# AIM OF THE EXERCISE
Pictures do not belong in the copy. Output exactly the lines from the one containing "Moneta 10 zł" to the end of the listing below.

# INPUT DATA
-=-=-

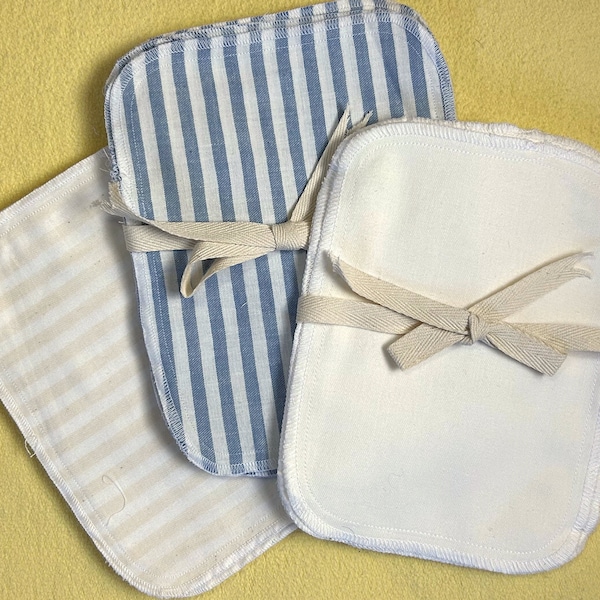 6 Pack Organic Cotton Flannel Washcloths 6 x 8" I Organic Baby Flannel Washies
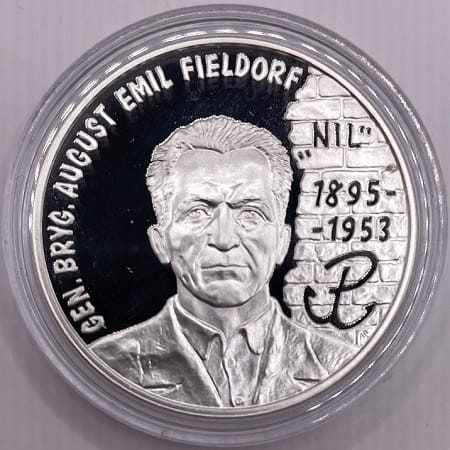 Moneta 10 zł gen. August Emil Fieldorf Nil 1998 r. rewers
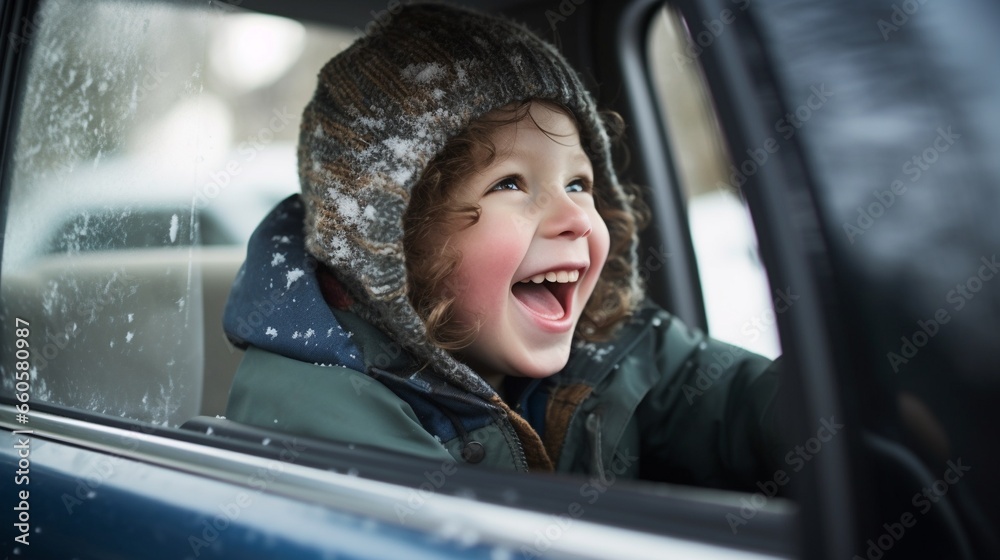 Happy little boy watching and playing with snow from an open car window on the trip of a snowy winter holiday, joyful kid have fun with snow flakes. Happy little boy watching and playing with snow from an open car window on the trip of a snowy winter holiday, joyful kid have fun with snow flakes.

-=-=-

# RESULT BELOW
 Moneta 10 zł gen. August Emil Fieldorf Nil 1998 r. rewers
 Happy little boy watching and playing with snow from an open car window on the trip of a snowy winter holiday, joyful kid have fun with snow flakes. Happy little boy watching and playing with snow from an open car window on the trip of a snowy winter holiday, joyful kid have fun with snow flakes.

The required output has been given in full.